Ein moderner Philosoph sprach vor Jahren von der "Machbarkeit aller Dinge". Er meinte es kritisch, eigentlich sogar spöttisch. Inzwischen sind wir nachdenklich geworden, was die Machbarkeit aller Dinge angeht. Immer mehr vernünftige Leute beginnen zu fragen, ob wir wirklich alles machen dürfen, was wir machen können. Aber noch herrscht vorrangig das Prinzip der Machbarkeit. Wir machen immer mehr Autos, auch wenn wir mit dem Machen der Straßen nicht nachkommen. Wir machen immer neue Computer-Generationen, die uns beinahe das Fürchten lehren. Wir machen Maschinen, mit denen wir Enormes produzieren. Heimlich haben wir den Verdacht, dass man irgendwo in der weiten Welt auch schon per Gen-Manipulation neue Tiere und gar Menschen macht - ein grauenhafter Gedanke.

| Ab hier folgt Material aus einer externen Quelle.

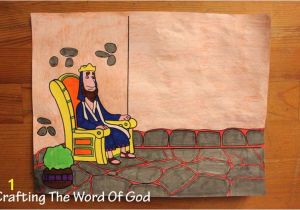 Daniel and the Writing On the Wall Coloring Page the Writing On the Wall Crafting the Word God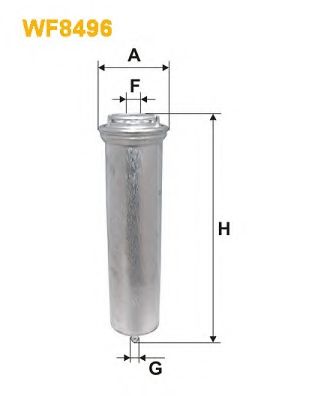 filtru combustibil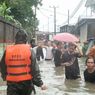Banjir Setelah Hujan Lebat di Makassar, 1.869 Jiwa Mengungsi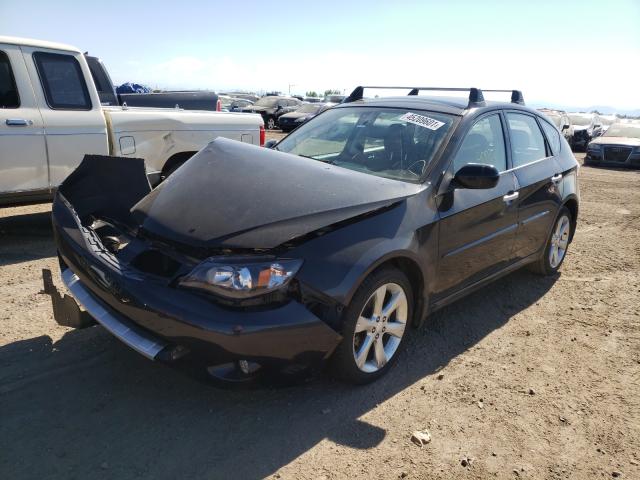 2010 SUBARU IMPREZA OU JF1GH6D6XAH824802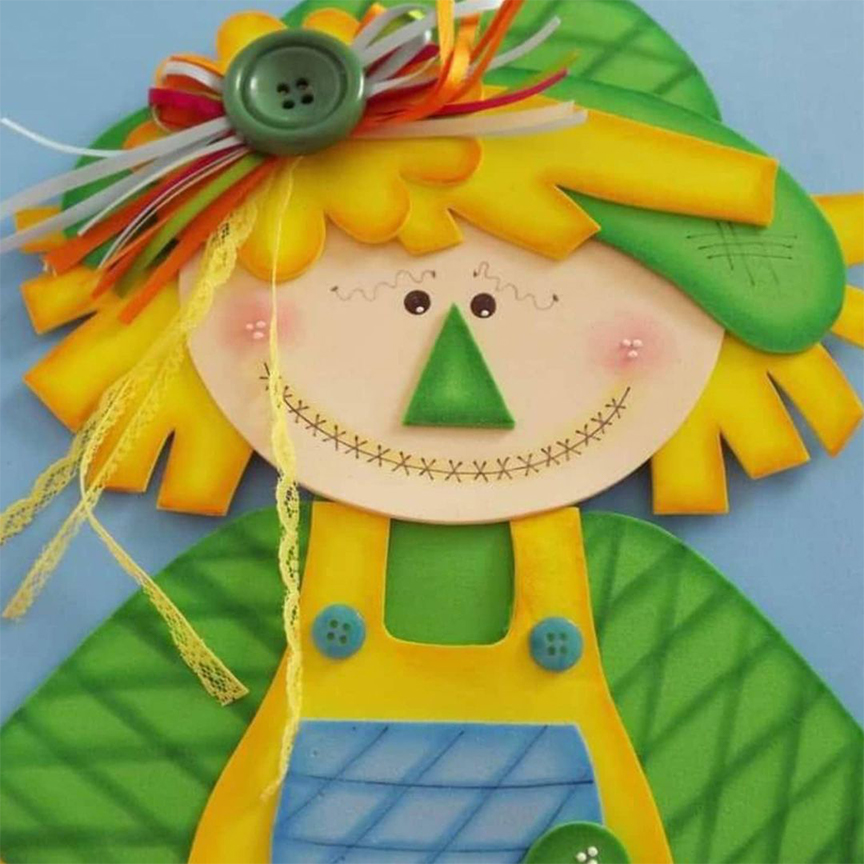 Dicas de Customização para Deixar Seu Espantalho Único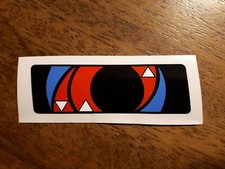Sticker autocollant Commande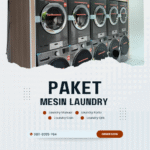 Paket Usahalaundry Sukses Purwakarta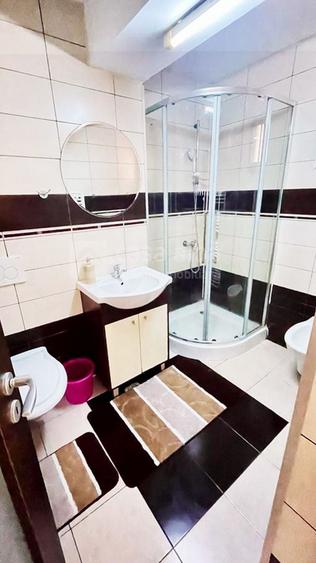 Apartament cu 2 camere nedecomandat, mobilat în Nicolina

Nein, es geht nicht um Technik- und Wissenschaftsfeindlichkeit. Aber es macht uns doch wohl nachdenklich, dass wir erkennbar die Schöpfung kaputt machen, dass Menschen wieder Krieg machen und Menschen tot machen und dafür Raketen und sogar Gas machen. Und dass wir schließlich nicht nur die Welt, sondern auch unsere Seelen kaputt machen. Kein Horrorgemälde - die Realität ist so.
Ich bin glücklich, dass ich eine ganz andere Wirklichkeit ansagen kann, von der die Bibel spricht. Jesus Christus sagt dort in Johannes 15,5: "Wer in mir bleibt und ich in ihm, der bringt viel Frucht; denn ohne mich könnt ihr nichts tun."